AKP'nin kurduğu dinsel hegemonyaya tersinden destek vererek AKP’ye din tandanslı muhalefet etmek değil, dinî tartışmaları politik mücadelenin nesnesi olmaktan çıkarmak en doğru taktiktir.

Google Haberlere Abone ol

Emre Ergül* [email protected] 

TDK sözlükte "İdeoloji" şöyle tanımlanıyor:

“Siyasal veya toplumsal bir öğreti oluşturan, bir hükûmetin, bir partinin, bir grubun davranışlarına yön veren politik, hukuki, bilimsel, felsefi, dinî, moral, estetik düşünceler bütünü.”

Aynı sözlükte “din” başlıklı madde de ise şunlar yazıyor: “Tanrı'ya, doğaüstü güçlere, çeşitli kutsal varlıklara inanmayı ve tapınmayı sistemleştiren toplumsal bir kurum, inanılıp çok bağlanılan düşünce, inanç veya ülkü, kült.”

Konumuz, din ve ideoloji ya da ideolojileştirilen din veyahut dindar ideoloji. Konuya girizgâh yaparken bir üst tanım olarak şu çıkarımı yapmamız gerekiyor:

Din, sadece felsefenin bir konusu değil, aynı zamanda bir bütün olarak tarihin içinde şekillendiği toplumsal ve siyasi evrimin unsurlarından biridir. Soyut tek tanrıcılığın verdiği avantajla çoğu zaman üstyapının bir kurumunu değil, üstyapının bütününü oluşturmuştur. Bundan dolayı da sanattan felsefeye, mantıktan edebiyata birçok tartışma ya doğrudan din ya da dinin eteklerinde cereyan eden tartışmalar olarak sürüp gitmiştir. Bu bağlamıyla dine, üstyapının en baskın ve direngen kurumudur desek yanılmış olmayız.

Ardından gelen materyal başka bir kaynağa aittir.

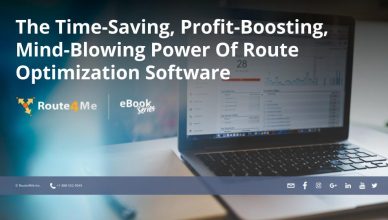 The Time-Saving, Profit-Boosting, Mind-Blowing Power Of Route Optimization Software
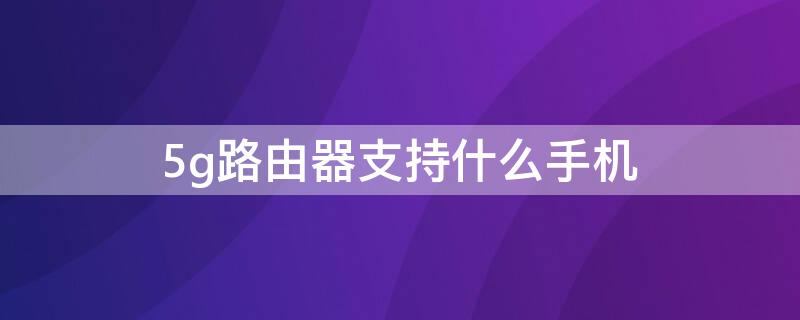 5g路由器支持什么手机 5g网络支持的手机有哪些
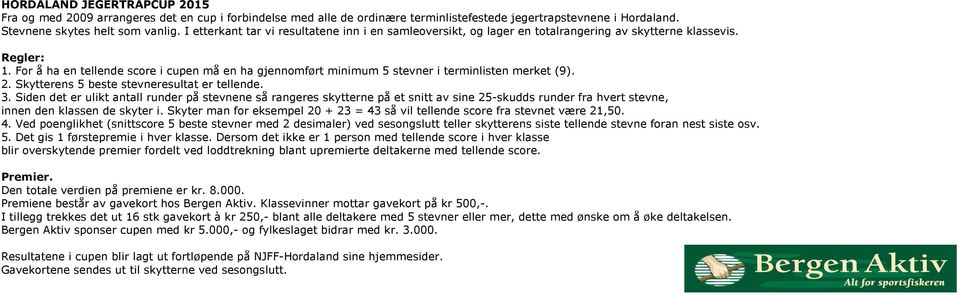 For å ha en tellende score i cupen må en ha gjennomført minimum 5 stevner i terminlisten merket (9). 2. Skytterens esultat er tellende. 3.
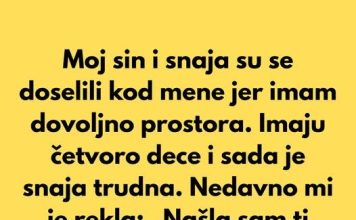“Moj sin i snaja su se doselili kod mene jer imam dovoljno prostora…” “Moj sin i snaja su se doselili kod mene jer imam dovoljno prostora…” - featured image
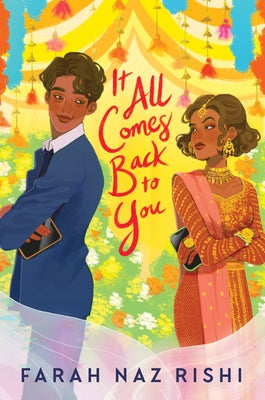 It All Comes Back to You by Rishi, Farah Naz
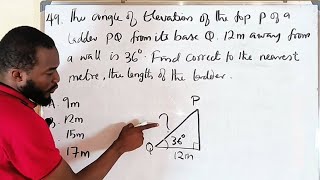 Question 49 | WAEC 2025 Maths OBJ | Angle of elevation | Find the length of a ladder against a wall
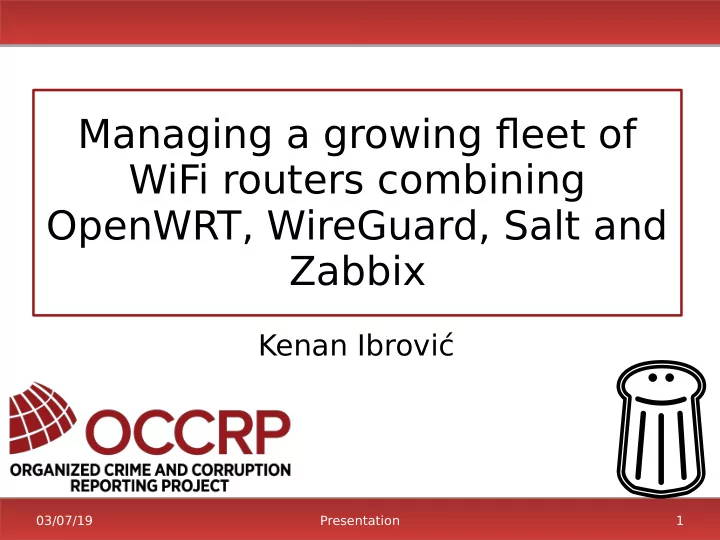 managing a growing fmeet of wifi routers combining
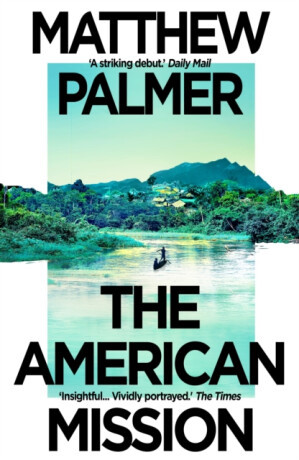 The American Mission - Matthew Palmer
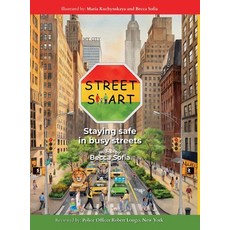 (영문도서)Street Smart: Staying safe in busy streets Hardcover, Little & Big LLC, English, 9781955024068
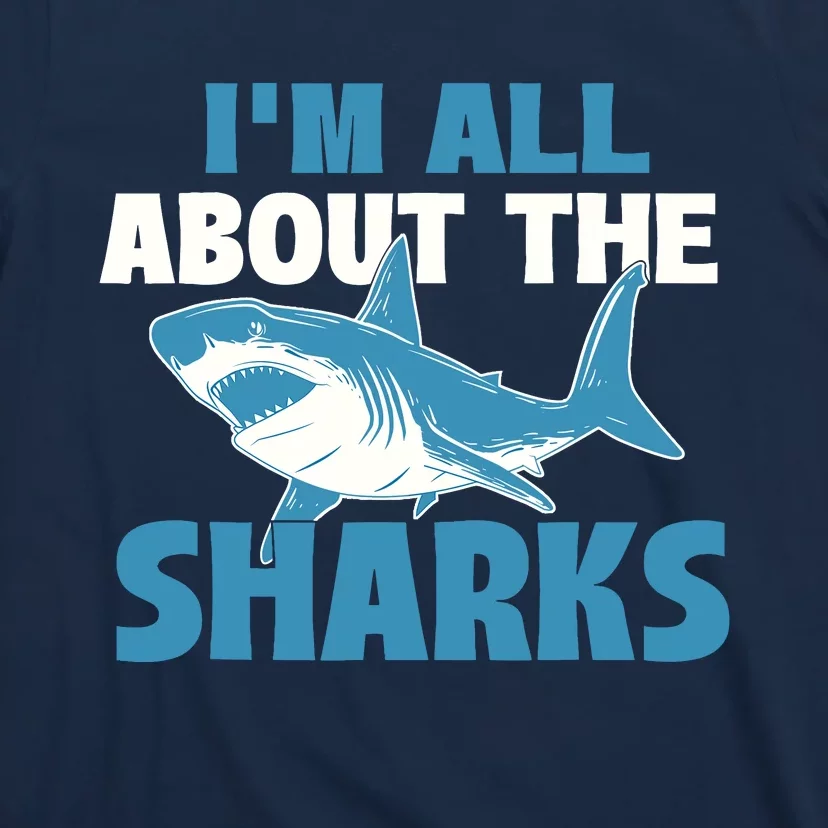 IM All About The Sharks Marine Wildlife Sea Animal Lover T-Shirt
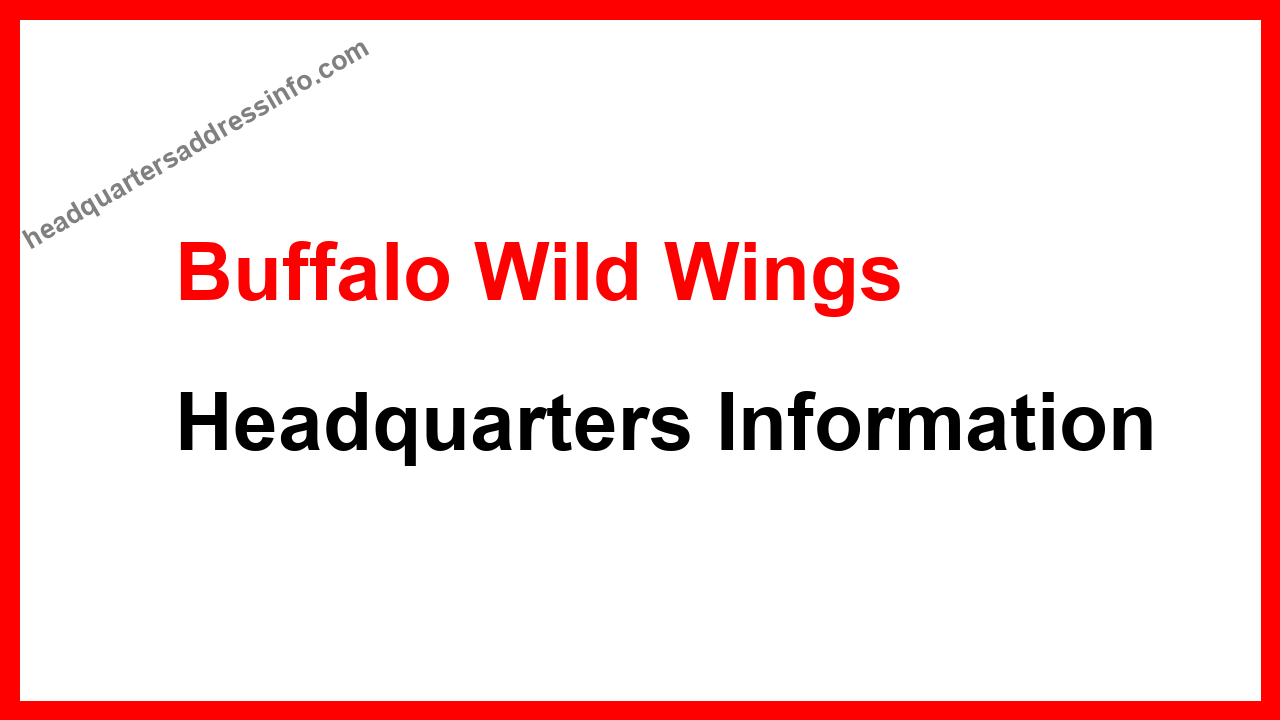 Buffalo Wild Wings Headquarters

Toplumsal sınıfların ya da kesimlerin siyasi yansıması olarak günümüzde partiler rol oynarken, partilerin olmadığı dönemlerde bu rolü dinler, mezhepler ve tasavvufi düşünceler oynamıştır. Yani dinler, ortaya çıktığı dönemde sınıf mücadelelerinin birer görünümü ve ideolojisi olmuşlardır. Örneğin, Hristiyanlık iktidar olmamışken “Kadınların ve kölelerin dini” diyerek aşağılanmış, ütopik sosyalist pratiklerin birçoğu dinsel biçimlerde ortaya çıkmıştır. Buradaki “sınıf mücadelesinin görünümleri” belirlemesi, klasik anlamıyla proletaryanın sermayeye karşı mücadelesi olarak değil, toplumun temelini oluşturan her türlü politik gerilimin zemini olarak kavranmalıdır. Tam bu noktada Engels’in şu belirlemesini hatırlamakta fayda var: “Feodalizme karşı devrimci muhalefet; tüm Ortaçağ boyunca kendini, koşullara göre kimi zaman mistik, kimi zaman açık mezhep sapkınlığı, kimi zaman da silahlı ayaklanma biçiminde göstermiştir... Hatta, 16. yüzyılın din savaşları adı verilen şeylerde bile, her şeyden önce çok ciddi sınıf çıkarları söz konusudur... Eğer bu sınıf savaşımları o çağda, dinsel bir nitelik taşıyor, eğer çeşitli sınıfların çıkar, gereksinme ve istemleri din maskesi altında gizleniyor idiyseler, bu hiçbir şeyi değiştirmez ve çağın koşulları ile kolayca açıklanır...”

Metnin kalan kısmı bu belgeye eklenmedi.